One and a half cheers to Malaysia’s new Prime Minister for revisiting that country’s affirmative action laws, one of its bigger barriers to success.
Najib Razak, who took office April 3, announced Wednesday that he is lifting some of the regulations designed to benefit ethnic Malays but that actually deter entrepreneurship and foreign investment. Chief among these is a rule that companies in many industries be at least 30% Malay-owned. That rule will end in some parts of the services sector, including computer services and parts of the tourism and health-care sectors.
Wednesday’s liberalization applies only to a very narrowly defined set of businesses, such as travel agencies “for inbound travel only” and bars “in four- or five-star hotels only.” Retail, banking and manufacturing still have cumbersome ownership requirements and Mr. Najib has largely avoided liberalizing areas where his (mainly Malay) political supporters have strong vested interests.
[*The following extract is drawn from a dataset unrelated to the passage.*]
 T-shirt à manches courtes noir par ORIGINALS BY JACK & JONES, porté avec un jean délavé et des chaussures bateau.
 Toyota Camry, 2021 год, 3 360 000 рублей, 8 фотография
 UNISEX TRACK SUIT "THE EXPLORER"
When racial preference laws were passed in the 1970s, the purpose was to defuse race rioting by poor Malays directed at more prosperous Chinese and Indian Malaysians. Over time they have made the country poorer than it could have been by stifling entrepreneurship. The policies are also a consideration for foreign investors, who often find their businesses subject to laws requiring a certain percentage of Malay ownership or hiring quotas.
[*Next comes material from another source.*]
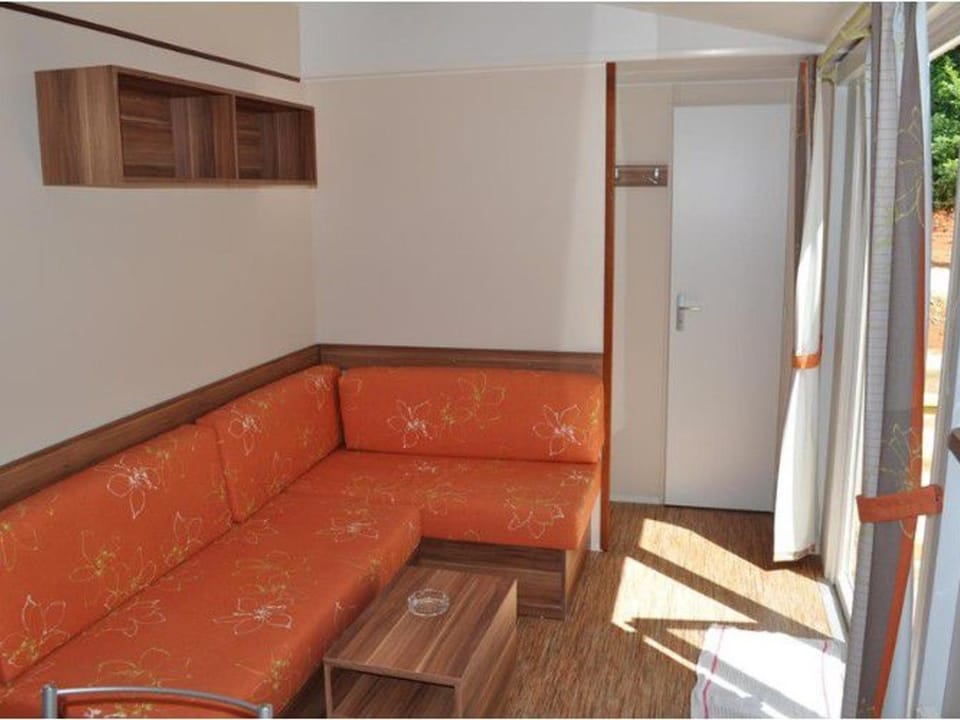 Mobil-home 29m² avec terrasse à Salles - API-1-52-426 Campground/ 
RV Resort in Occitanie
Malaysians increasingly understand these policies are holding them back — witness the opposition’s conclusion that opposing them is smart politics. Mr. Najib may be trying in part to co-opt his political opponents. Whatever his motive, he would be smart to continue on this anti-affirmative-action jag, as he says he will do next week with an announcement on financial services.
Since the New Economic Policy was announced in 1971, Malaysia’s preferential treatment of Malays in education and business has hampered growth and soured the nation’s politics. If the country can now move past these race-based policies, its economy and democracy will benefit.